Pit Boss grill temperature control uses a knob or buttons to adjust the pellet feed rate. More pellets burn hotter, while fewer pellets produce less heat.
Monitor your temperature closely, as significant flare-ups can occur above 400°F. Keep the grill clean to minimize high temp grease fires.
Aim for the proper cooking temperature based on what you are making. Pit Boss grills provide a wide range of adjustable heat for smoking and grilling versatility.
Additional Information On Safety Concerns And Risks
Pellet grills like Pit Boss are convenient and easy to use, but there are some important safety issues to remember.
Regularly clean out the wet pellet hopper to avoid the buildup of flammable sawdust. Overfilled hoppers can ignite pellets. Properly maintain electrical appliances. Faulty wiring can short and spark fires.
Carbon Monoxide Poisoning
Never use in enclosed spaces like garages or under patios. Pellet grills emit dangerous levels of carbon monoxide.
Place the grill away from combustible materials like wood decks and siding. Have proper clearance to prevent fires.
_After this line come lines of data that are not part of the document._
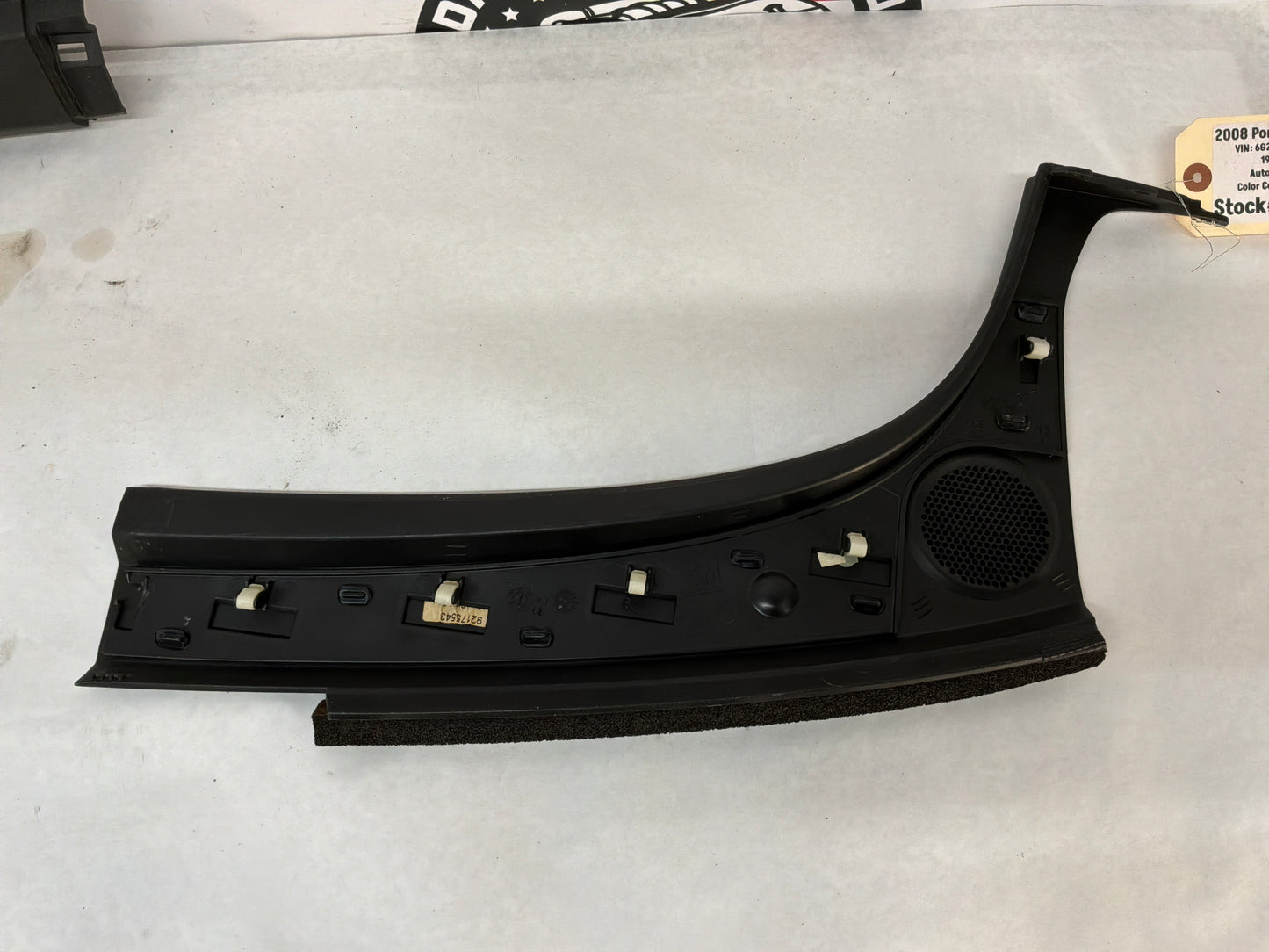 2008 Pontiac G8 Base RH & LH Dash Panels Center Cowl Defrost Trim Extensions OEM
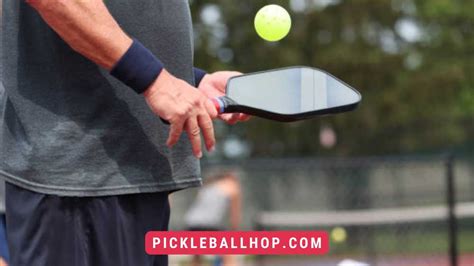 What Is The Best Material For A Pickleball Paddle? Graphite vs ...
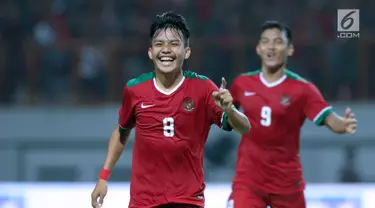 Pemain tengah Timnas Indonesia U-19, Witan Sulaeman (kiri) merayakan gol ke gawang Thailand U-19 pada laga persahabatan di Stadion Wibawa Mukti, Cikarang, Jawa Barat, Minggu (8/10). Indonesia menang 3-0. (Liputan6.com/Helmi Fithriansyah)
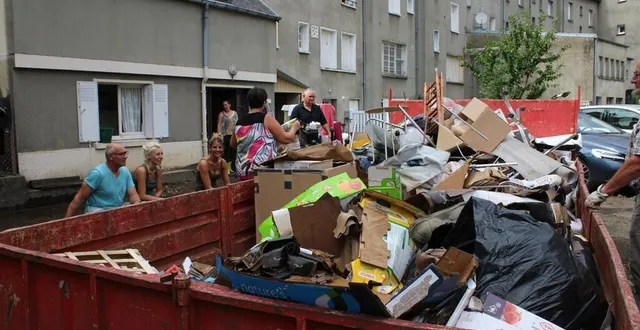 photo dans la benne à ordure prêtée par la municipalité, annie, de la boutique annie décoration jette les produits de son magasin, à flers. &copy; ouest-france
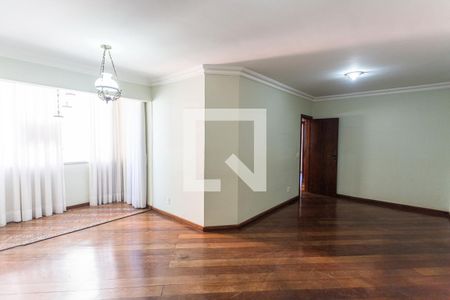 Sala de apartamento à venda com 4 quartos, 118m² em Sagrada Família, Belo Horizonte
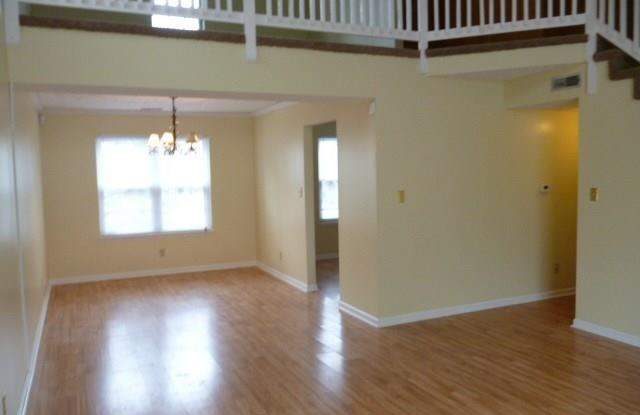 7758 WIND RUN Circle Gallery 3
The grill and drip tray get extremely hot. Use caution around surfaces and beware of grease splatter or flare-ups.
By being aware of these risks, using proper precautions, and following the manufacturer’s instructions, pellet grills like the Pit Boss can be used safely for a convenient backyard barbeque. Proper maintenance and ventilation are key.
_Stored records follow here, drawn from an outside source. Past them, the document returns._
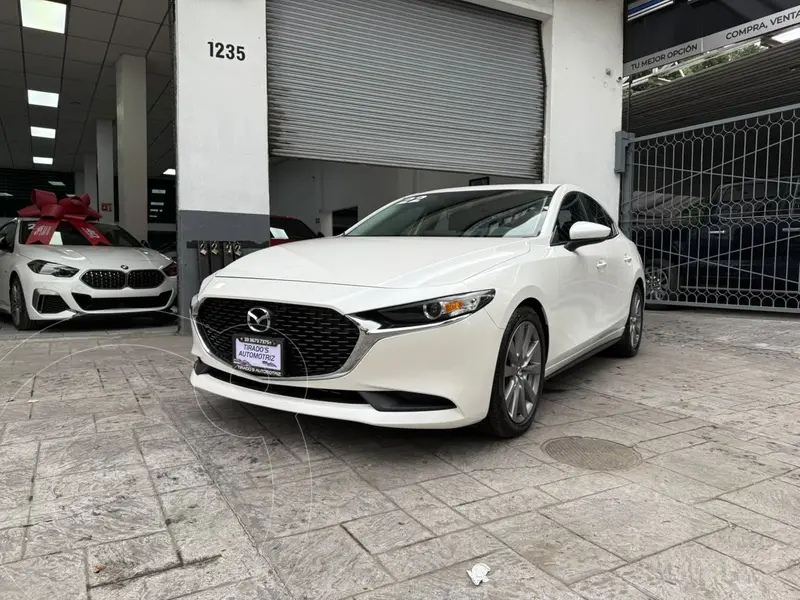 Foto Mazda 3 Sedan I Sport Aut usado (2022) color Blanco precio $334,000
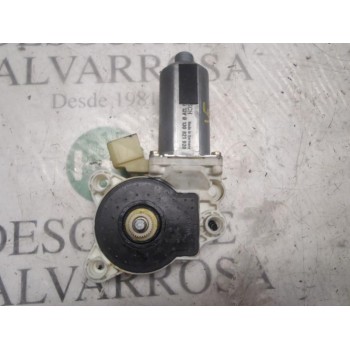 MOTOR ELEVALUNAS DELANTERO DERECHO A2308200942 A2308200942 0130821929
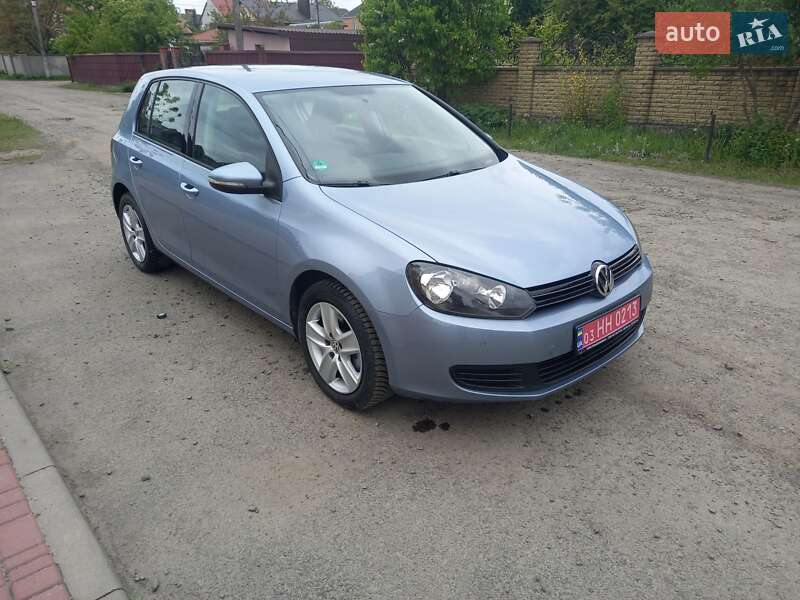 Хэтчбек Volkswagen Golf 2009 в 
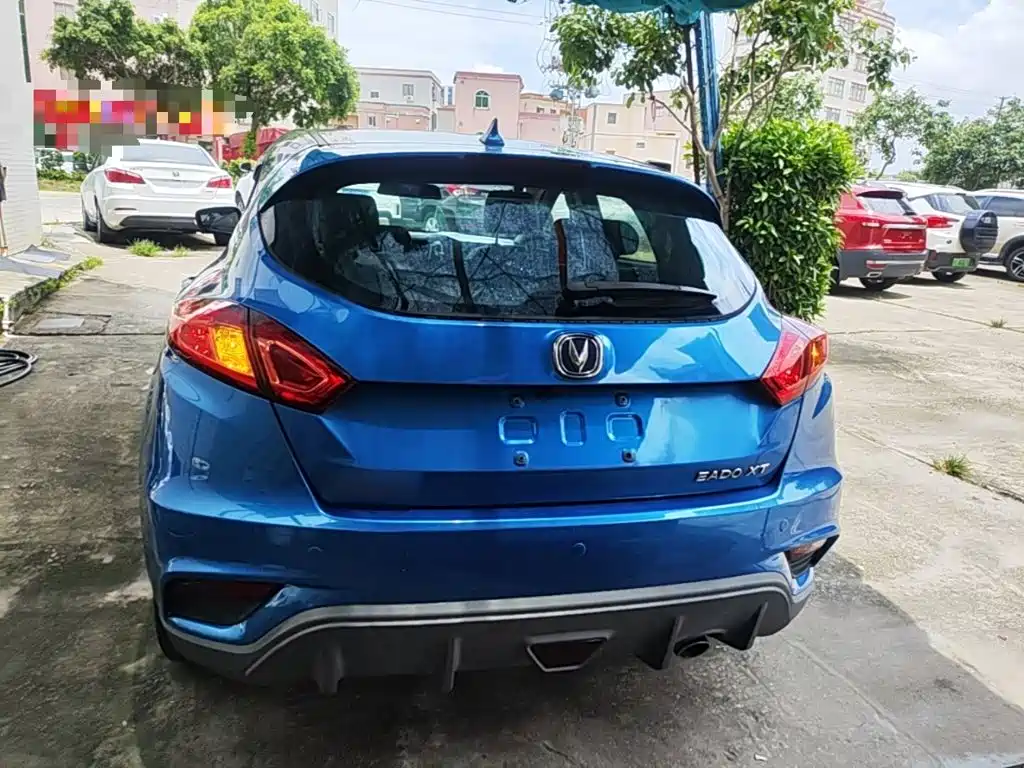 Changan Eado XT 2017 — фото 6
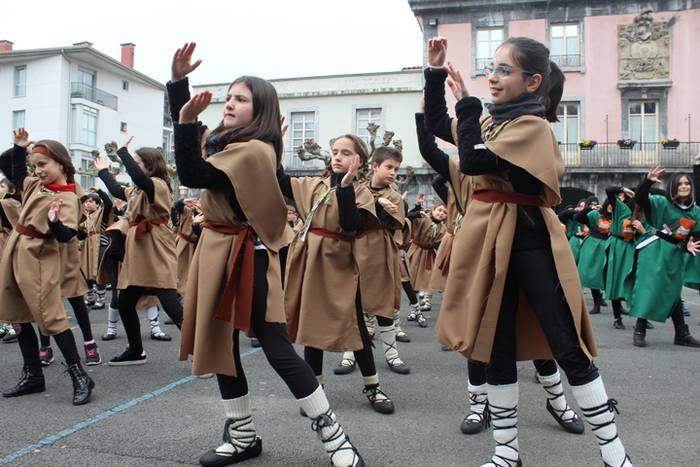 Villabona eskolak inauteriak 17 1487939356424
Conclusion: (Pellet Grill Won’t Get Hot)
In summary, here are a few common reasons a Pit Boss pellet grill may fail to reach or maintain proper cooking temperatures.
The most likely culprits are airflow obstructions, lack of fuel, auger jams, broken temperature sensors or control board screens, and failing hot rod igniters.
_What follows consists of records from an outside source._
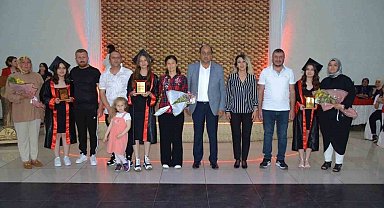 Başkan Demirtaş, Emin Ayhan Ortaokulu'nun mezuniyet törenine katıldı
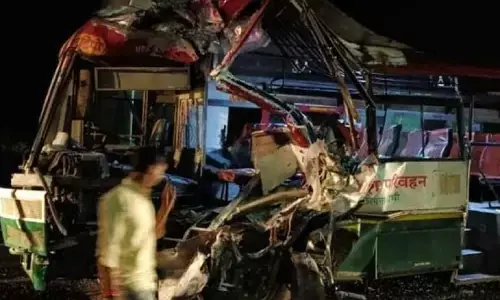 Agra-Lucknow Expressway पर ट्रक से टकराई तेज रफ्तार UP Roadways की बस, चालक समेत पांच यात्री गंभीर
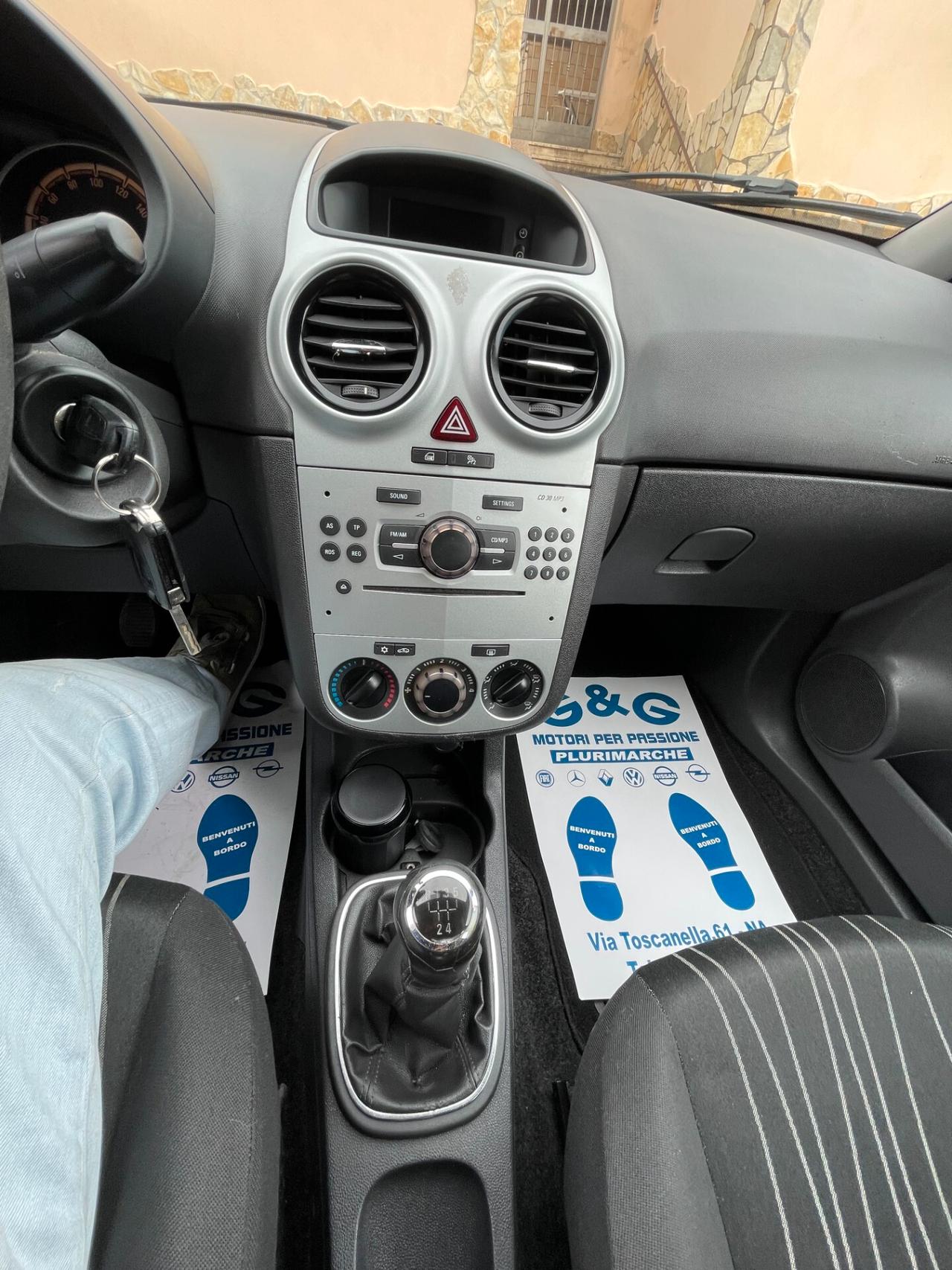 Opel Corsa 1.2 5 porte Enjoy
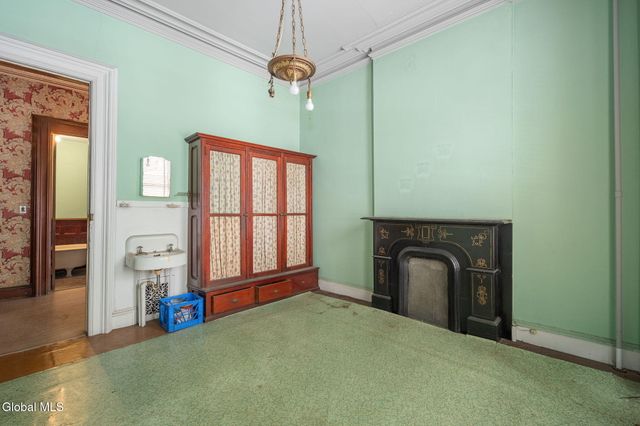 93 Ten Broeck Street, Albany, NY 12210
Thoroughly inspecting and cleaning your Pit Boss regularly, replacing damaged parts, using good quality pellets, and protecting electronic components from water/grease damage are all best practices that can help prevent heating issues.
The manufacturer’s troubleshooting and maintenance tips can get your Pit Boss grill back to properly searing.
This blog post gave you some helpful insights into diagnosing and fixing loss of heat problems with your Pit Boss pellet grill.
You’ll know it’s time to replace the fuse in your Pit Boss grill when some or all components suddenly stop working. Fuses help protect the electrical system. If the fuse is blown, you’ll have no power cord. Simple fuse replacement can get your grill heating again.
The best way to clean your wood pellet grill is to remove the grates and thoroughly vacuum the firepot, grease tray, and interior after each use. Also, brush the grates clean. Every few months, do a deep clean by scrubbing down the interior with a degreaser to remove the sticky buildup that routine cleaning misses. Follow the manufacturer’s instructions for proper maintenance.
If the fan in your grill stops spinning, test its power with a multimeter. If powered, the motor may be stuck or worn out. Try cleaning around the fan of any debris or built-up grease. If the fan still doesn’t spin freely, replacement of the fan motor will likely be needed to restore proper airflow in your grill.